3.3 | Party B has good and marketable title to the equity interests owned by it in Party C. Party B has not created any security interest on such equity interests other than pursuant to Party B's Share Pledge Agreement; |
3.4 | Party C has good and marketable title to all of its assets and has not created any security interest on the said assets; |
3.5 | Party C has no outstanding indebtedness other than (i) those incurred in the ordinary course of business; and (ii) those which have been disclosed to and consented to in writing by Party A; |
3.6 | If Party C is dissolved or liquidated as required by PRC law, Party C shall, to the extent permitted by PRC law and at the lowest price permitted by PRC law, sell all of its assets to Party A or any other eligible party designated by Party A. Party C shall, to the extent applicable under PRC law then in effect, waive any payment obligations of Party A or its designated eligible party arising therefrom; or any proceeds arising from such transaction shall, to the extent applicable under PRC law then in effect, be paid to Party A or its designated eligible party as part of the service fee under the Exclusive Business Cooperation Agreement; |
3.7 | Party C will comply with all PRC laws and regulations applicable to asset acquisitions; and |
3.8 | There are no pending or threatened litigation, arbitration or administrative proceedings in relation to the equity interests in Party C, the assets of Party C or Party C itself. |
4. | Effective Date |
This Agreement shall become effective as of the date of its execution by the Parties and shall be valid for a period of 10 years, renewable at the option of Party A. If Party A fails to confirm the renewal of this Agreement upon its expiration, this Agreement shall be automatically renewed until Party A delivers a confirmation letter determining the renewal period of this Agreement.
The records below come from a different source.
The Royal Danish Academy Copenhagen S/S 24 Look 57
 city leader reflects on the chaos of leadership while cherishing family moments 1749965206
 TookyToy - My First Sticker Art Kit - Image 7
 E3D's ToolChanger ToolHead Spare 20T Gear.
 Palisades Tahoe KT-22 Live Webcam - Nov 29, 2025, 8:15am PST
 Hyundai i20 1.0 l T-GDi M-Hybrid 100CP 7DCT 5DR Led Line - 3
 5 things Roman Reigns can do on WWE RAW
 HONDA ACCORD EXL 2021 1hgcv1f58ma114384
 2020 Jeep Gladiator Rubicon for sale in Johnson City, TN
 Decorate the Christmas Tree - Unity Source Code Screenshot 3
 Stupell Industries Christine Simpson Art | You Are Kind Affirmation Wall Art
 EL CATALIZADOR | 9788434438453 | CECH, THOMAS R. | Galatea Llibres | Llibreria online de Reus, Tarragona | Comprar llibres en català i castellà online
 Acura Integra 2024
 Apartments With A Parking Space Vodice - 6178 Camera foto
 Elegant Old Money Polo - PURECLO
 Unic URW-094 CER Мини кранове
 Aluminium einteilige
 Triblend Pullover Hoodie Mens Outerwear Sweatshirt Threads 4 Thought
5. | Governing Law and Dispute Resolution |
5.1 | Governing Law |
The execution, entry into force, interpretation, performance, modification and termination of this Agreement and the resolution of disputes hereunder shall be governed by the laws duly published and publicly available in the PRC. Matters not covered by the laws duly published and publicly available in the PRC shall be governed by international legal principles and practices.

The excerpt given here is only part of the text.